# Very rare baby gaggia



## gaggiamanualservice.com (Dec 22, 2009)

Hi all. thought you might like to see this little beauty i just finished refurbing

a very rare late 1970's original baby gaggia fully restored and works well, even has the original handle ( no longer made) and the original manual. a real treat.this was the first home espresso machine to use the pressure system in a way to make crema for espresso. in the coffee world an "antique" if anyone interested make me an offer before i send to auction

would be ideal for coffee shop or similar, a real talking point


----------



## gaggiamanualservice.com (Dec 22, 2009)
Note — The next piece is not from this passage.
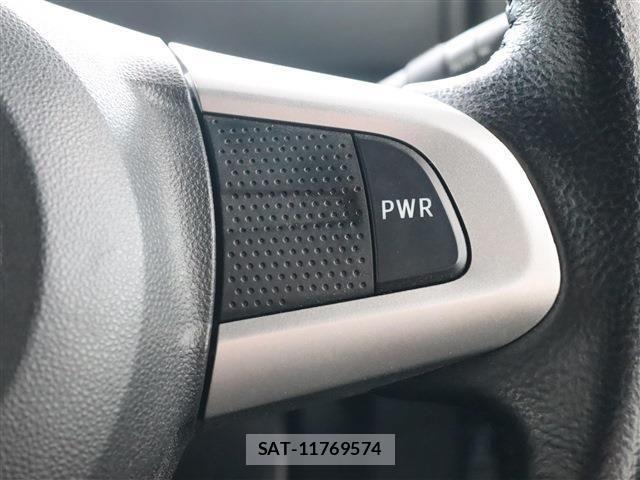 Daihatsu WAKE 2021-11 1320464-13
defo over the £100 not wholly sure of true worth as i have scrolled t'internet and cant find one with all original aspects, handle etc. even has a solid brass holding plate.

mark


----------



## fatboyslim (Sep 29, 2011)

A very nice looking machine! Cooler than retro even.

Good luck selling it


----------



## gaggiamanualservice.com (Dec 22, 2009)
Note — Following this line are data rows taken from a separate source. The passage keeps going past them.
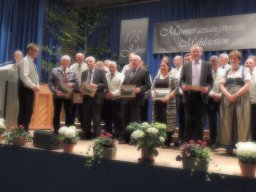 2015_Jubiläumskonzert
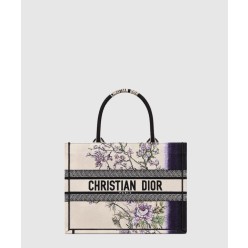 북 토트백 미듐 M1296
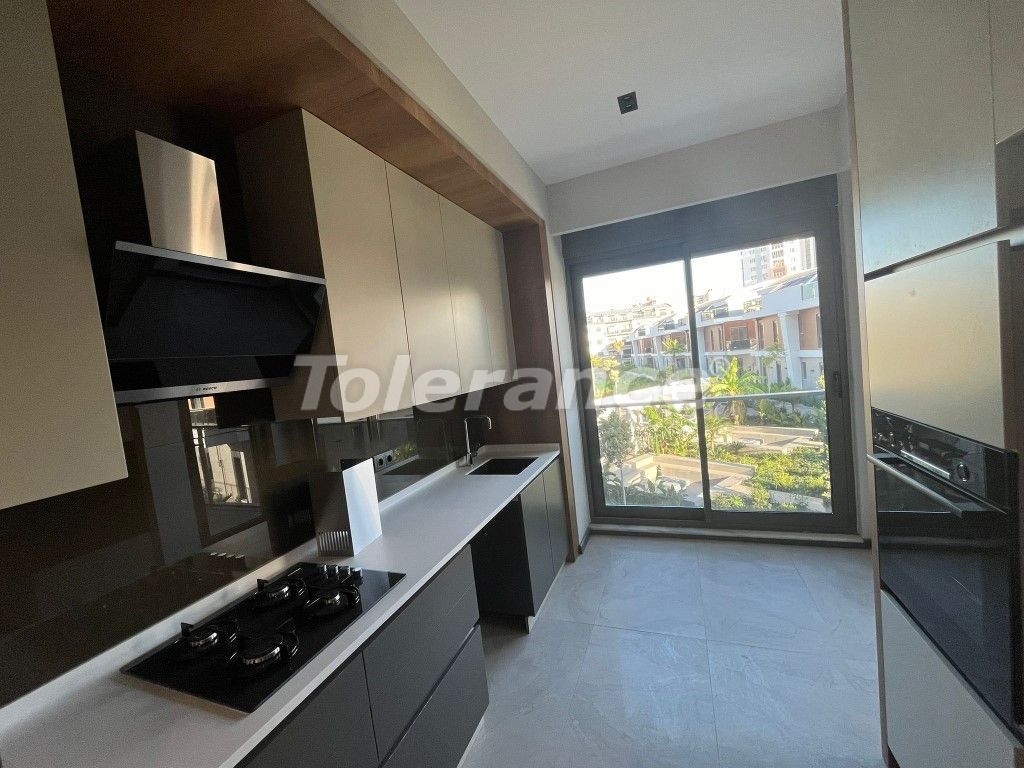 Appartement à Antalya, Turquie, 55 m² - image 5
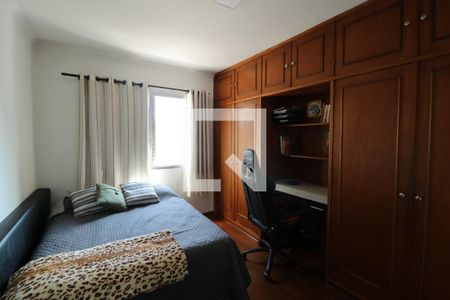 Apartamento para alugar com 65m², 2 quartos e 1 vagaQuarto 1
thanks, sure it will sit well in a coffee shop or cafe.

mark


----------



## surfingjoyner (Dec 12, 2011)

Here is my retro gaggia to add to thread


----------



## gaggiamanualservice.com (Dec 22, 2009)

just to let you all know, if interested this machine is now on ebay if your interested ]
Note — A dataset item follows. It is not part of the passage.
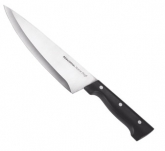 Нож кулинарный HOME PROFI 14 см, арт. 880528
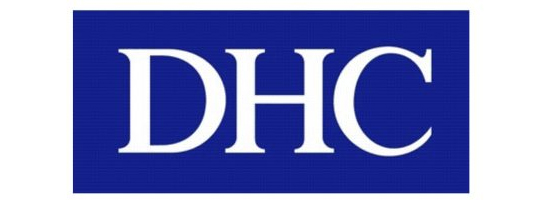 DHC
http://cgi.ebay.co.uk/ws/eBayISAPI.dll?ViewItem&item=180804088389


----------



## RoloD (Oct 13, 2010)

God, I had one of those years ago, exactly the same, which I brought back from Italy in the days when you couldn't buy espresso machines here. Sadly, the orange paint flaked off, it fell into disuse and I gave it away a couple of years ago.

But the really sad thing is no one taught me how to use it. I had no idea about grinding and tamping and wondered why the coffee tasted so weak (water must have rushed through the grounds in all of 5 seconds). There was really no home espresso culture then and people thought I was a bit eccentric.

My current Gaggia Classic is remarkably similar (the only real difference is the solenoid valve). I just hope a know a little more about how to use one now.


----------



## gaggiamanualservice.com (Dec 22, 2009)

this has a solenoid too, was hidden under the boiler lol but yeah they do have one. lovely looking aint they.


----------



## dbairduk (Dec 22, 2011)

there is a nice orange gaggia mdf grinder going on there too at the moment.. might make a good combo


----------



## Khalil badi (May 24, 2021)

Im about to buy one.

Exactly like this one.

It's also orange.

OMG. A 50 years old espresso machine!!!

I olso seen a 1952 american espresso machine a couple of days ago.


----------